Task to complete
Could you repeat, exactly and with no pictures, only the lines from the start of the records through the line containing "Mercedes-Benz E-Class — миниатюра 2"?

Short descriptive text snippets
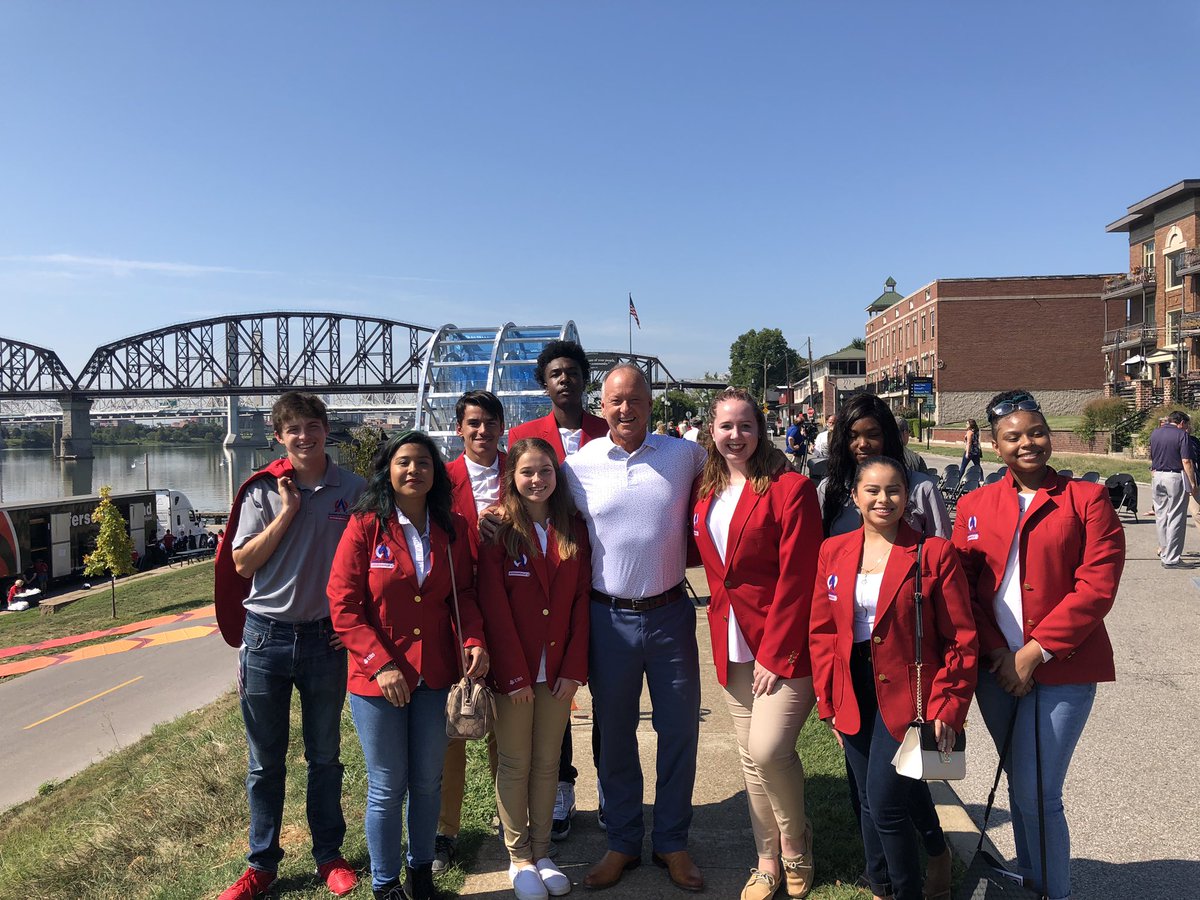 Lisa_Stemler's tweet photo. Sculpture Dedication! @AcademiesofGC @AmbassadorsJhs #jhsreddevils  @CityofJeff  @imformikemoore https://t.co/Vm105ZRMjb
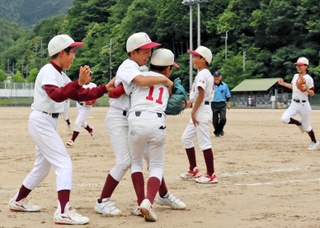 勝利し、抱き合って喜ぶ味間少年野球団ナイン＝丹波市春日町下三井庄、春日総合運動公園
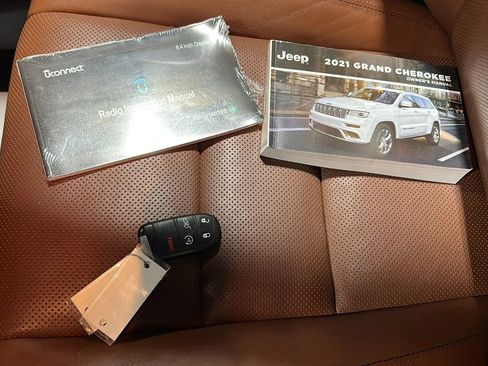 Used 2021 Jeep Grand Cherokee Summit w/ Platinum Series Group AWD/4WD image 29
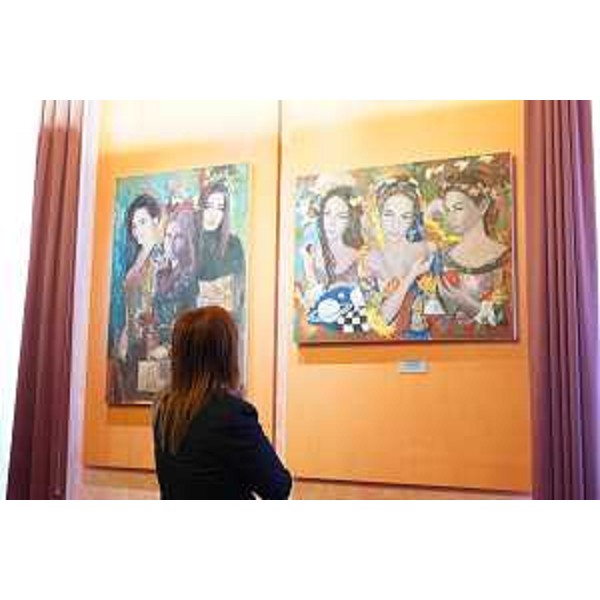 Alcune delle opere di De Conti esposte in Consiglio regionale - Alcune delle opere di De Conti esposte in Consiglio regionale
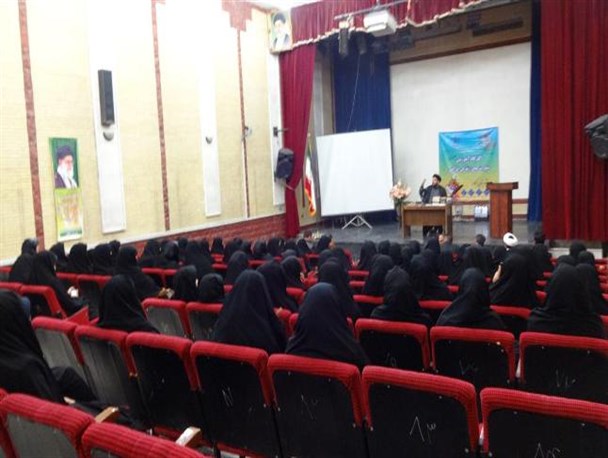 کارگاه آموزشی سبک زندگی قرآنی در کنگاور برگزار شد
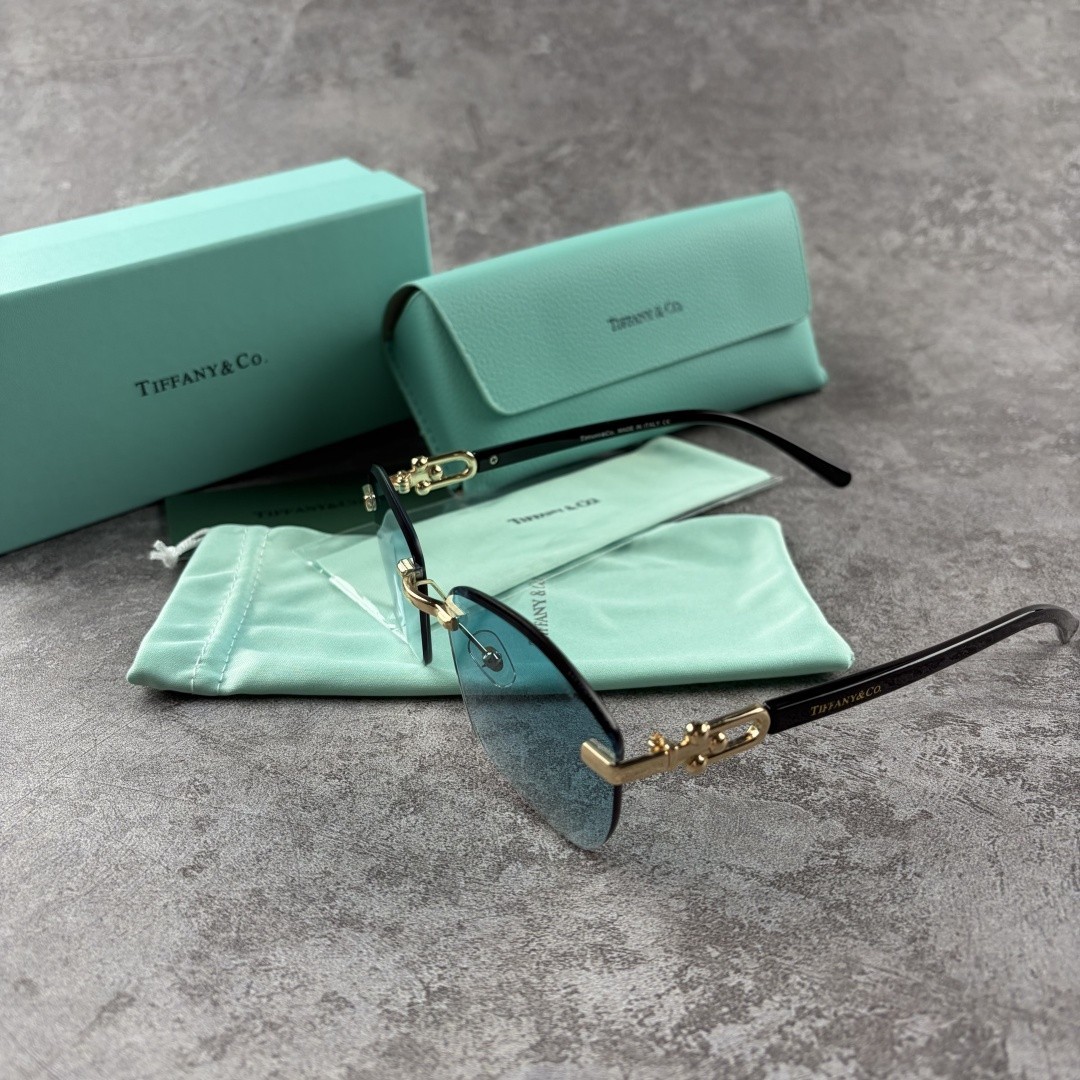 New In Box – Tiffany Rimless Sunglasses Women’s Gold Frame Blue Tinted Lenses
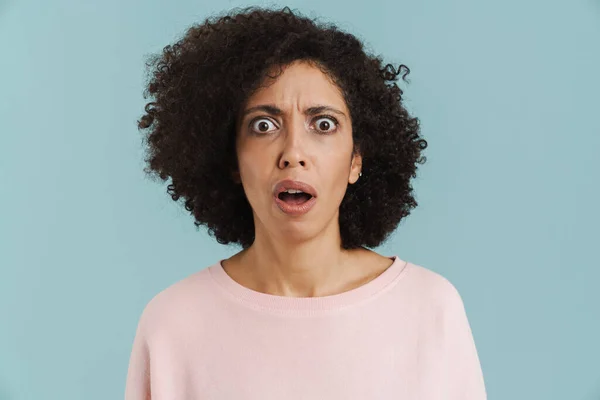 Young Black Woman Curly Hair Expressing Surprise Camera Isolated Blue — Stockfoto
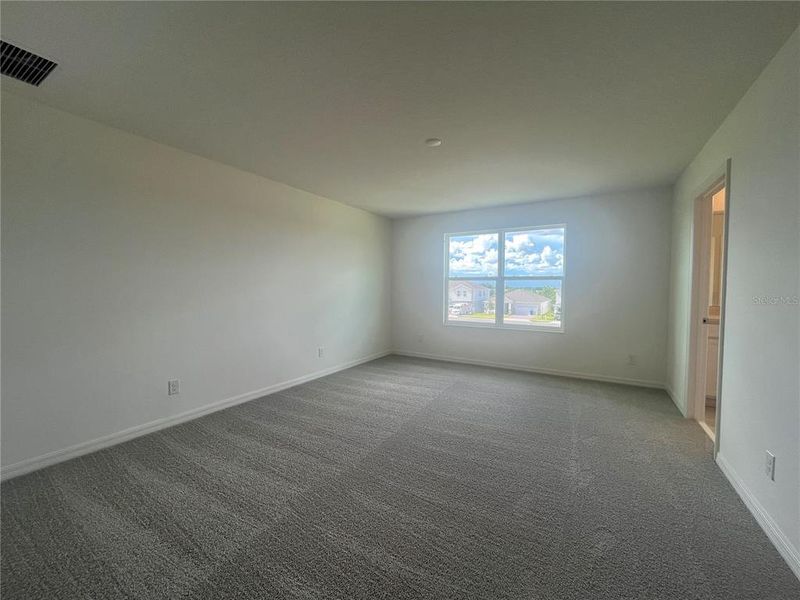Spacious, unfurnished interior of a new home in Trinity Lakes, Groveland (Image 19). Spacious, unfurnished interior of a new home in Trinity Lakes, Groveland (Image 19).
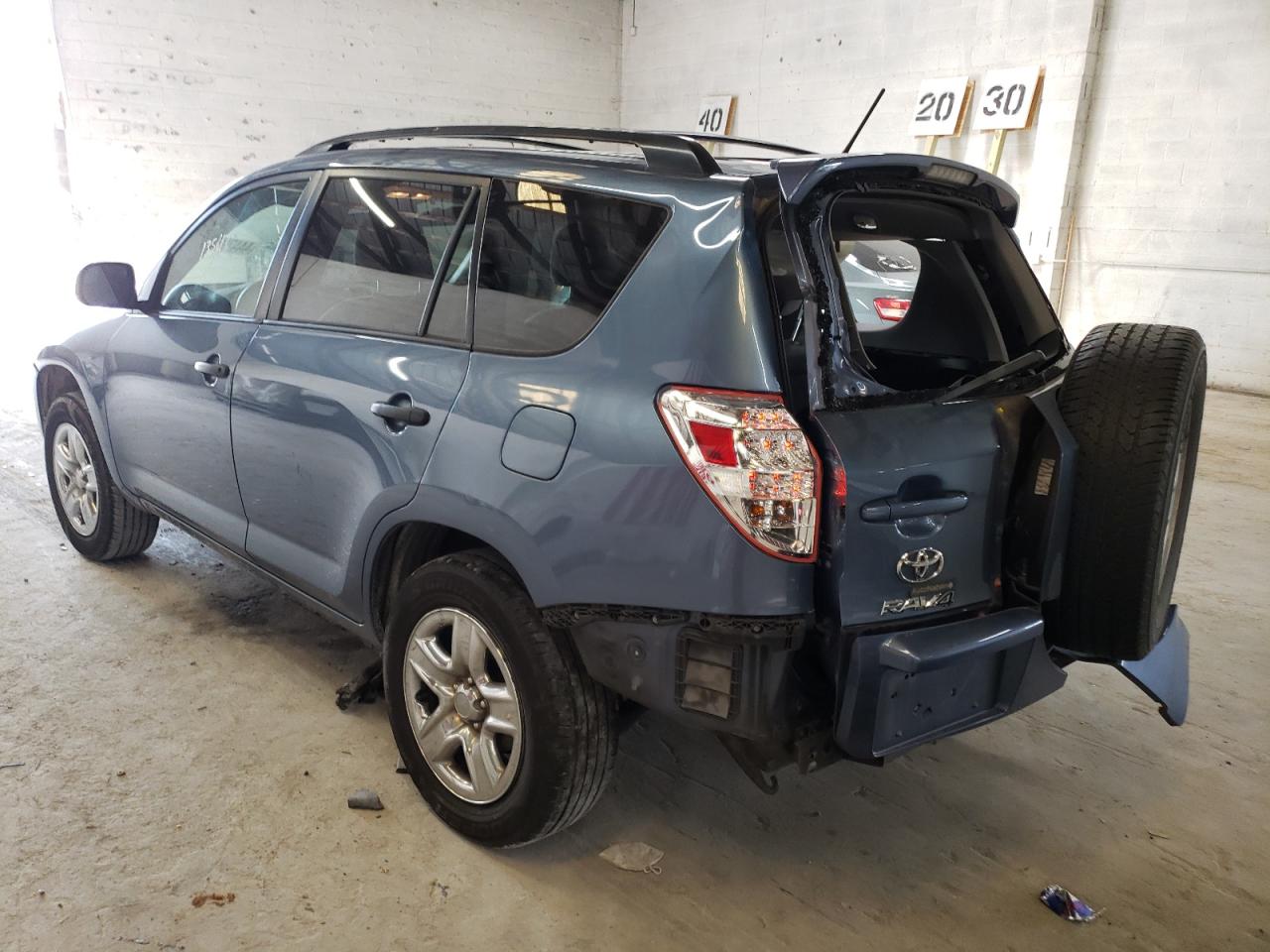 Photo 3 from auction – 2011 TOYOTA RAV4 with VIN 2T3ZF4DV8BW055832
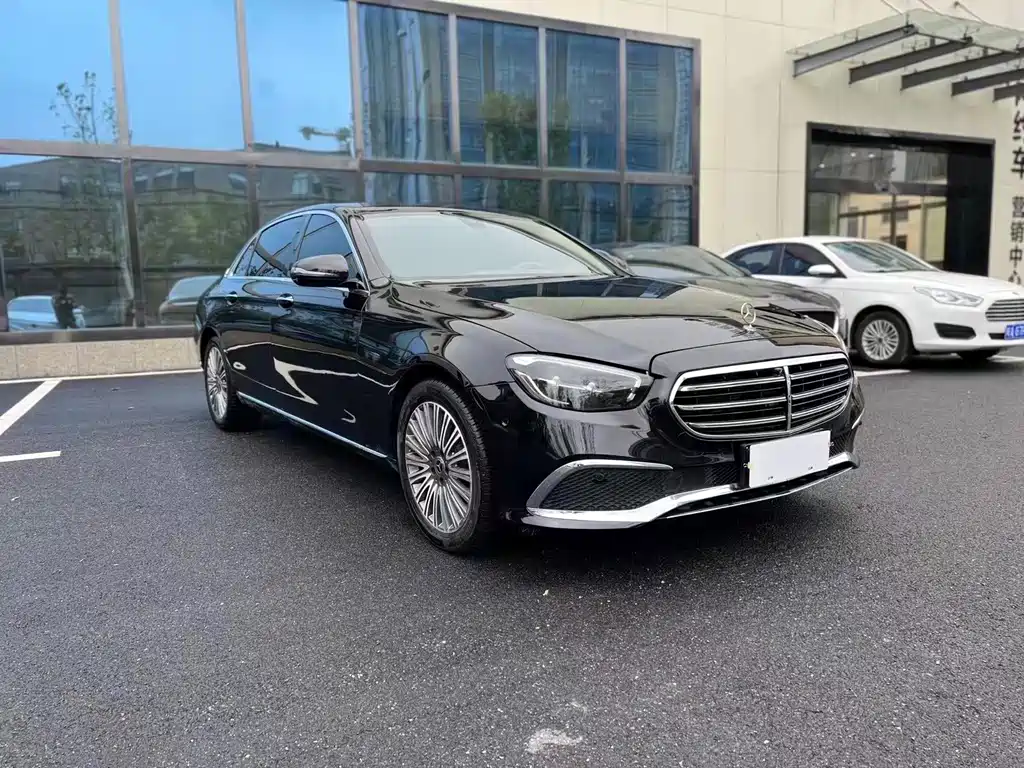 Mercedes-Benz E-Class — миниатюра 2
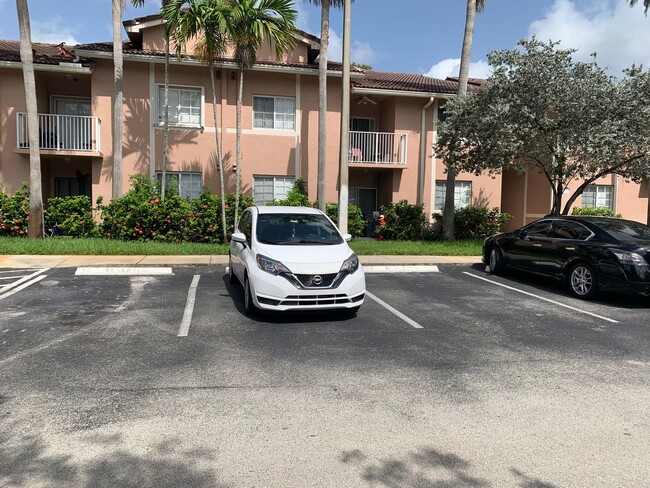 Building Photo - Your Dream Davie Home Awaits – 2 Bed/2 Bath!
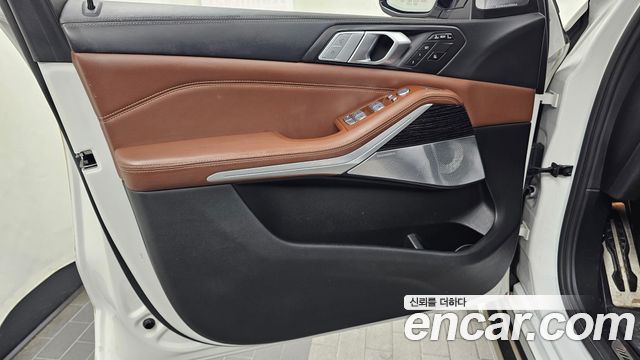 BMW X7 2021 — photo 14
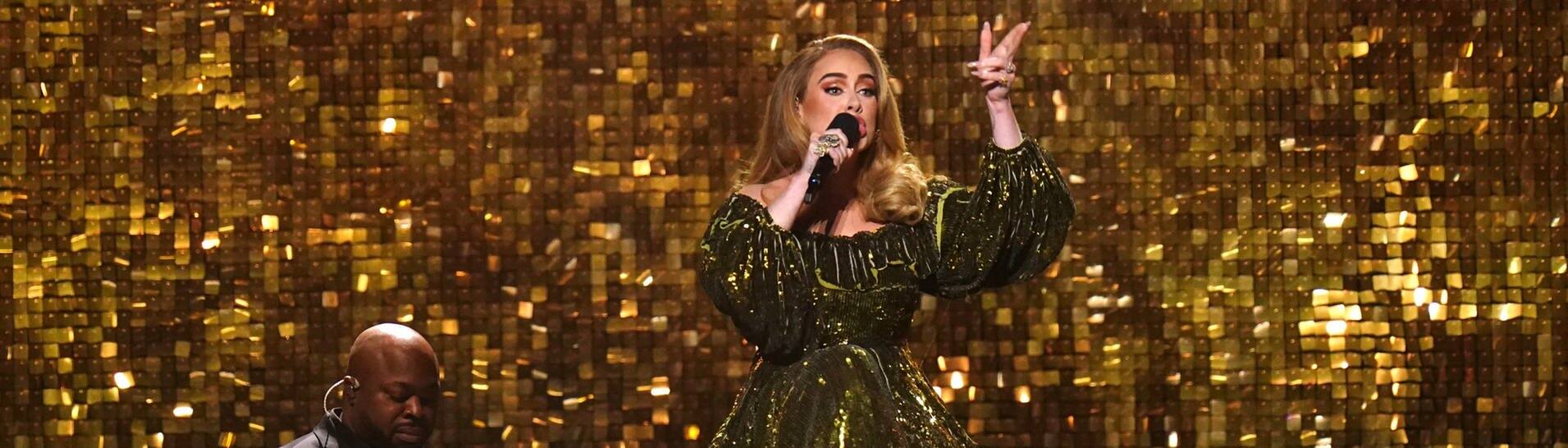 Die Sängerin Adele singt bei den Brit Awards 2022 (Foto: picture-alliance / Reportdienste, empics | Ian West)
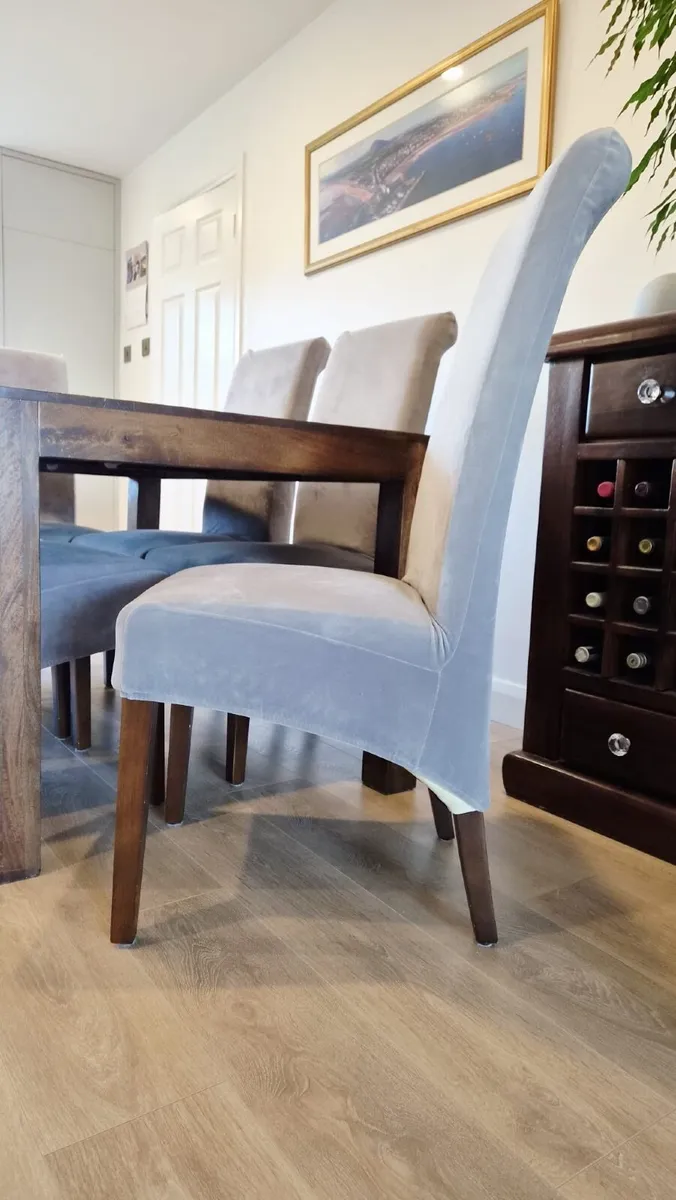 Dining Table and Chairs - Image 4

Solution to this task
 Lisa_Stemler's tweet photo. Sculpture Dedication! @AcademiesofGC @AmbassadorsJhs #jhsreddevils  @CityofJeff  @imformikemoore https://t.co/Vm105ZRMjb
 勝利し、抱き合って喜ぶ味間少年野球団ナイン＝丹波市春日町下三井庄、春日総合運動公園
 Used 2021 Jeep Grand Cherokee Summit w/ Platinum Series Group AWD/4WD image 29
 Alcune delle opere di De Conti esposte in Consiglio regionale - Alcune delle opere di De Conti esposte in Consiglio regionale
 کارگاه آموزشی سبک زندگی قرآنی در کنگاور برگزار شد
 New In Box – Tiffany Rimless Sunglasses Women’s Gold Frame Blue Tinted Lenses
 Young Black Woman Curly Hair Expressing Surprise Camera Isolated Blue — Stockfoto
Spacious, unfurnished interior of a new home in Trinity Lakes, Groveland (Image 19). Spacious, unfurnished interior of a new home in Trinity Lakes, Groveland (Image 19).
 Photo 3 from auction – 2011 TOYOTA RAV4 with VIN 2T3ZF4DV8BW055832
 Mercedes-Benz E-Class — миниатюра 2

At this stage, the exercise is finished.